This revision is directed against the Order dated 18th Feb. 2000 passed in Criminal Revision No. 126/98 by Ist Additional Sessions Judge. Raisen arising out of order dated 30.9.98 passed in M.J.C. No. 23/96 by the Judicial Magistrate First Class, Raisen. The applicant filed an application under section 125 of the Code of Criminal Procedure for maintenance alleging that the non-applicant Nihal Singh was her husband and he had turned her out of his house without any reason. It was further alleged that the non-applicant had remarried and he had sufficient means to pay the maintenance amount. It was also stated that she was the owner of 12-13 acres of irrigated land. The non-applicant denied that he deserted the applicant without any cause. It was his case that after the birth of a child the applicant went away to her parental home and refused to come back despite an attempt made be the parents of the non-applicant. It was asserted that the applicant wanted the non-applicant to live in her parental home. It was denied that he had remarried. It was asserted that he was having no land and was a mere labourer. The learned Magistrate after recording the evidence came to the conclusion that the applicant was entitled to maintenance at the rate of 500/- per month but the Court below did not specify the date from which the maintenance had to be awarded.

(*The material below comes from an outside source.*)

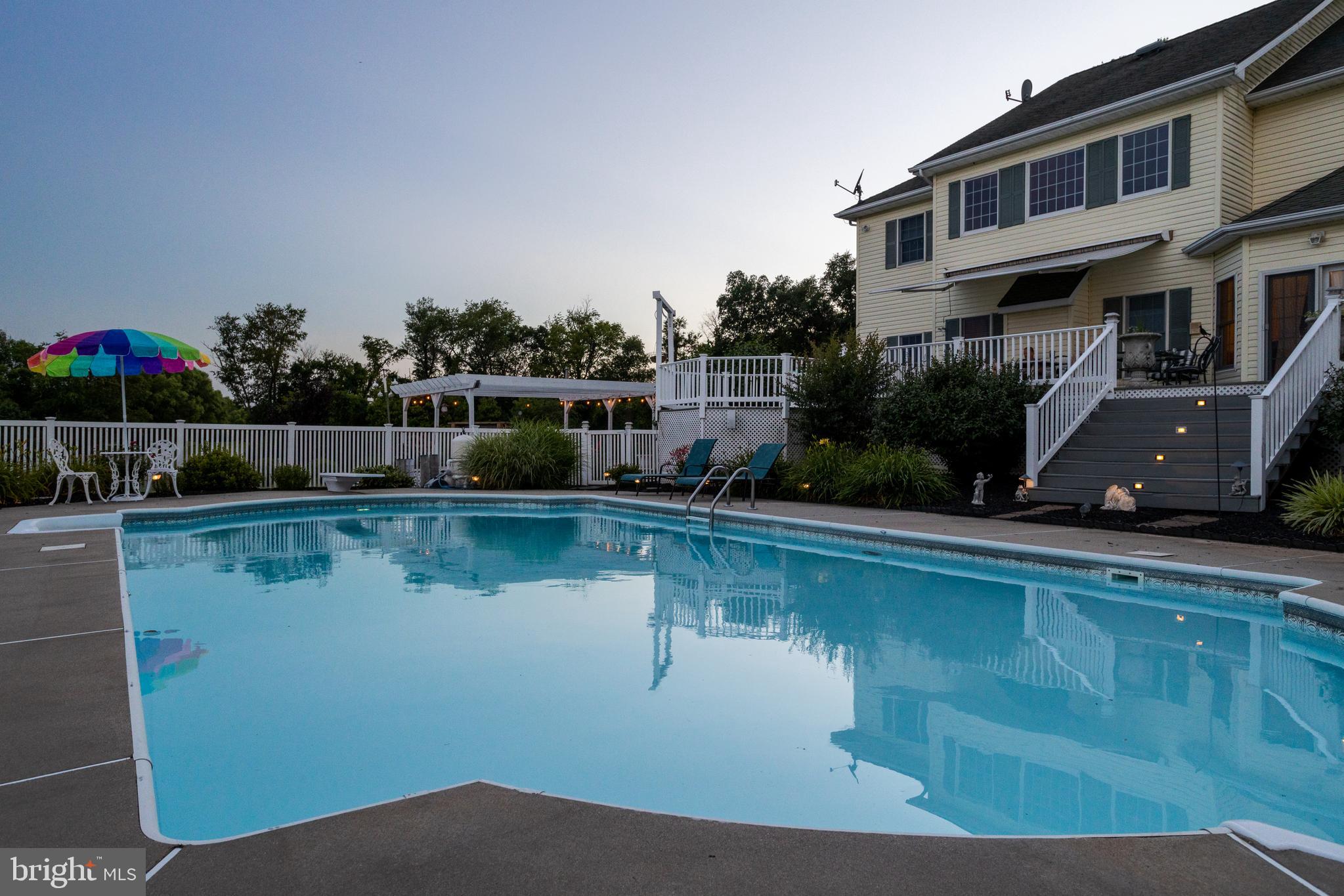 GENEVA FARM - Residential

Therefore, this Court takes it that his order was operative from the date of passing of the order i.e. from 30.9.98. The learned Magistrate was of the view that evidence led by the applicant regarding second marriage was acceptable and therefore gave a finding in favour of the applicant to the effect that the non-applicant had remarried. Further, it was held that it was neither proved nor disproved that the applicant left her matrimonial home and went to her parental home on account of fact that non-applicant was at fault. Nor did the learned Magistrate accept the fact that non-applicant had proved his case that the applicant left her matrimonial home without any sufficient cause. However, the learned Magistrate found that as a matter of fact after weighing the matter either side that the Joint Hindu Family of which the non-applicant was a member had 12 acres of land and consequently it was held that the non-applicant had sufficient means for paying the maintenance amount.
However, the learned Magistrate found that as a matter of fact after weighing the matter either side that the Joint Hindu Family of which the non-applicant was a member had 12 acres of land and consequently it was held that the non-applicant had sufficient means for paying the maintenance amount. It appears that the learned Additional Sessions Judge while deciding the Criminal Revision was of the view that the finding regarding second marriage of the non-applicant with one Sunita is acceptable. However, the learned Additional Sessions Judge interfered with the order of the learned Magistrate First Class, Raisen on the ground that it was not proved that the applicant was ousted from her matrimonial home at the instance of the non-applicant. Further, the Additional Sessions Judge was of the view that the property belonging to the non-applicant was not sufficient for granting the maintenance to the applicant. In this revision, the only question that has to be decided is whether the learned Sessions Judge was justified in interfering with the order of the Magistrate. It cannot be disputed that the second marriage of the husband would entitle the wife to live away from the husband. This finding of second marriage has not been disturbed by the learned Additional Sessions Judge, therefore, the initial leaving of the house on the part of Ushabai, the applicant is of no significance for deciding this revision. The fact remains that the applicant entitled to refuse to live with her husband on the count that he had remarried. This fact in itself was sufficient to entitle her for maintenance. Therefore, the learned Addl. Sessions Judge could not have upset the order of the trial Court on the ground that the applicant had left the house of her husband without any sufficient cause. As to the question of maintenance, it is almost ironical that the Court below has found that the applicant had a second wife whom he could maintain but the first wife who had the legal claim to maintenance cannot be maintained. The trial Court had given a finding that the non-applicant had sufficient means to maintain the applicant. This finding was neither perverse nor illegal. Moreover, the family of the non-applicant had some land. This fact was not even denied on the part of the father of the non-applicant.
The trial Court had given a finding that the non-applicant had sufficient means to maintain the applicant. This finding was neither perverse nor illegal. Moreover, the family of the non-applicant had some land. This fact was not even denied on the part of the father of the non-applicant. The father of the non-applicant had admitted that about 10 acres of land was initially recorded in the name of the grand-father in the cross-examination. It appears that the trial Court had validly drawn an inference from the fact, on record that there was sufficient income accruing to the family of the non-applicant and the non-applicant could pay maintenance amounting to Rs. 500.00 per month. The result is that this revision succeeds and is allowed. The impugned order dated 18.2.2000 is hereby set aside and that of the trial Magistrate is hereby restored. It is directed that non-applicant shall pay to applicant Rs. 500.00 per month from 30.9.98. This Court has not taken into consideration the copy of the Khasra Panchshala filed alongwith this revision by way of additional evidence for the reason it has been held by this Court that the Additional Sessions Judge was not justified in interfering with the finding recorded by the trial Court.